What to work on:
Write the data out again exactly, with every picture removed.

*** Data

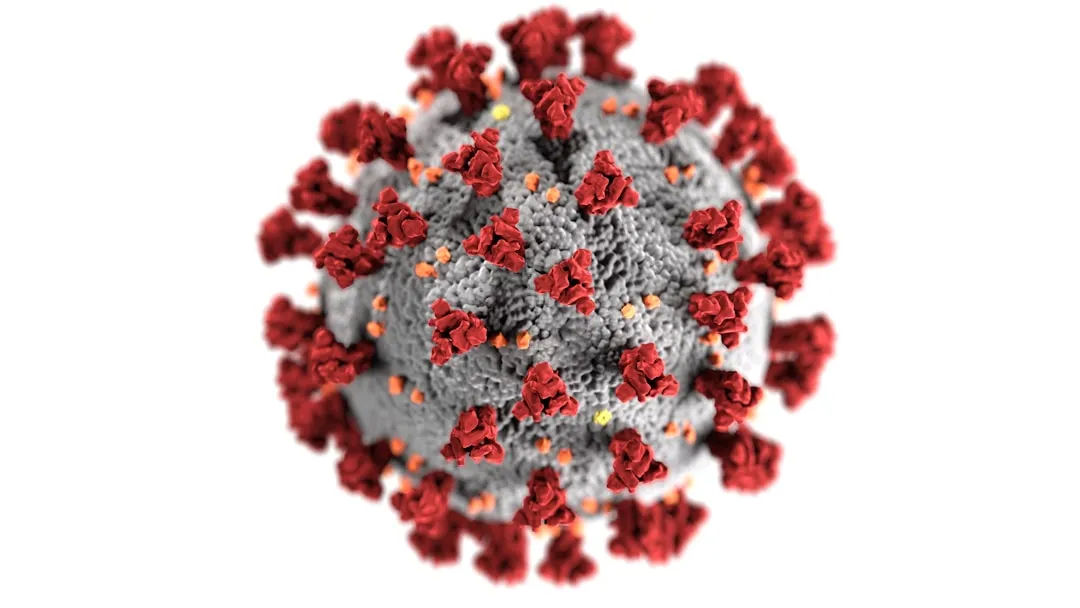 Norovirus, Not Just Parasites, Is the Bigger Recent Concern (Image Credits: Unsplash)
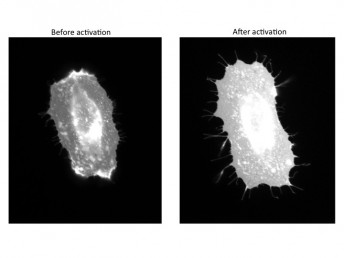 Cells before and after activation
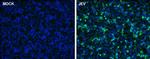 Japanese Encephalitis Virus NS1 Antibody in Immunocytochemistry (ICC/IF)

******

Result:
 Norovirus, Not Just Parasites, Is the Bigger Recent Concern (Image Credits: Unsplash)
 Cells before and after activation
 Japanese Encephalitis Virus NS1 Antibody in Immunocytochemistry (ICC/IF)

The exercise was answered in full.